Californian pension fund divested from most thermal coal holdings following law change
Three coal companies have avoided divestment from Calpers by convincing the US pension fund they planned to make significant changes to their business models.
This week Calpers announced it had divested from 14 thermal coal companies, which mine coal for electricity generation, to meet the requirements of a law passed in 2015 aimed at reducing California’s reliance on carbon.
The law, which applies to both Calpers and CalSTRS, required the pension funds to divest from coal holdings by July 1, 2017 unless the companies in question had plans to increase their focus on clean energy sources.
In a report describing its adherence with the law, Calpers reveals that three companies – Banpu of Thailand, Exxaro Resources of South Africa and PT Adaro Energy of Indonesia – side-stepped divestment following engagement with the fund.
The companies offered different explanations for how their businesses are changing but all spoke of long-term plans to use more renewable energy sources.
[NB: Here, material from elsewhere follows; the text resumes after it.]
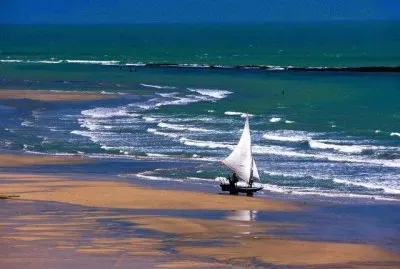 Imagenes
The report contains correspondence between the pension fund and the companies addressing these issues, including letters sent by the IR team.
‘In making a determination to liquidate investments, the board shall constructively engage with a thermal coal company to establish whether the company is transitioning its business model to adapt to clean energy generation, such as through a decrease in its reliance on thermal coal as a revenue source,’ says Calpers in the report.
The divested companies ‘failed to indicate applicable business plan adaptations, or failed to respond to Calpers’ engagement efforts,’ the report adds.
Calpers, which manages more than $300 bn in assets, has often spoken against divestment, arguing that investors should remain holders to exert influence over corporate policy. Earlier this year, staff released a recommendation saying they didn’t agree with proposed legislation that would force the pension fund to divest from companies involved in the controversial Dakota Access Pipeline.
‘There is considerable evidence that divesting is an ineffective strategy for achieving social or political goals, since the consequence is generally a mere transfer of ownership of divested assets from one investor to another,’ the statement noted.